Em agosto de 2010, o Estado colombiano pôs Ortiz sob a proteção de uma unidade especializada da polícia. Desde então, circula num carro blindado e tem sempre quatro guarda-costas à ilharga. A porta e as janelas da sua moradia são à prova de bala e quatro câmaras vigiam todo o espaço exterior da casa, incluindo o jardim, nas traseiras, que tem os muros encimados por arame farpado. Em Caucasia, onde nasceu há 44 anos e continua a viver, toda a gente chama à residência do jornalista “o bunker”. Com outras cinco autarquias, o município de Caucasia forma a subregião de Bajo Cauca, do departamento de Antioquia, no interior do país e com sede em Medellín. Uma das zonas mais perigosas da Colômbia.
Ortiz é um homem feliz quando tem nas mãos mais uma edição do seu jornal, La Verdad del Pueblo, que fundou em 1998. Hoje a partir do bunker, faz tudo sozinho – da investigação no terreno à escrita das notícias e das reportagens, passando pela paginação e o envio do material para a gráfica. E consegue “furos”, sobre subornos de responsáveis policiais ou assassínios encomendados, que deixam boquiabertos leitores e camaradas de profissão. É evidente que tem fontes na polícia e até no interior dos grupos mafiosos. Também incomoda políticos “corruptos e mentirosos”, e dá-lhes nomes – casos, numa edição recente, do atual presidente da Câmara de Caucasia e do seu antecessor no cargo. É também espantosa a publicidade que angaria e o facto de ter convencido dois pontos de venda a colocarem o jornal nas suas bancas.

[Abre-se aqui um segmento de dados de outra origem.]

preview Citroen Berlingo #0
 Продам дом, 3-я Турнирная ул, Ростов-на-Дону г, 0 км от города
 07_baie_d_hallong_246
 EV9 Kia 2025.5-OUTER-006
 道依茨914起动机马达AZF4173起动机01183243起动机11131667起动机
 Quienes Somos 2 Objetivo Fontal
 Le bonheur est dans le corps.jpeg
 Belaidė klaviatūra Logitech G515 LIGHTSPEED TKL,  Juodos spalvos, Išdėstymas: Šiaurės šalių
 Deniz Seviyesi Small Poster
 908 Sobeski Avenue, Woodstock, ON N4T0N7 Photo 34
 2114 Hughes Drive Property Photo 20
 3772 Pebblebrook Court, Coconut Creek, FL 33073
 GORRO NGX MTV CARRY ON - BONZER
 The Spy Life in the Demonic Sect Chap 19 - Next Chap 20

Passa horas perdidas sentado à mesa de trabalho, onde emerge um computador como uma espécie de ilha, rodeado de documentos por todos os lados. Mas o que chama a atenção de quem o visita é a enorme quantidade de posters da Virgem Maria e de imagens religiosas coladas nas paredes. Crente desde pequeno, quando ajudava os padres nas missas, acredita ter proteção divina.
É frequente repórteres estrangeiros baterem-lhe à porta. Querem contar a sua história. Notam-lhe a tremura das mãos. Explica que vive em permanente alta tensão. “Outra pessoa não resistiria à pressão destes bandidos”, desabafa. E mal consegue dormir. Nas recorrentes insónias, o que lhe apetece é dar um passeio. Desiste da ideia, porém, quando pensa no incómodo para os guarda-costas. “O medo aguenta-se”, diz. “Mas a solidão é dura.” Os amigos afastaram-se, com receio de serem apanhados no meio de mais uma tentativa dos mafiosos para o liquidar. E a família foi espalhada por diferentes cidades do país. Também corre riscos.
Ortiz avisa que quem manda hoje em Antioquia são as Autodefesas Gaitanistas da Colômbia. Trata-se da junção de grupos mafiosos, há anos em atividade, numa estrutura criminosa bem armada e altamente organizada, com comando único. Dominam a mineração e venda ilegal de ouro, o tráfico de cocaína e o negócio da extorsão. E, diz, regressou o Plano Pistola, uma estratégia de assassínio de polícias a troco de dinheiro, que faz lembrar os piores tempos de Pablo Escobar, que inspirou a série de TV Narcos. Sem a liberdade criativa do ficcionista para decidir quando colocar um ponto final nesta história, Ortiz promete continuar a escrever Verdad, isolado no seu bunker, contestando, a cada dia, o que seria a óbvia cena dos próximos capítulos.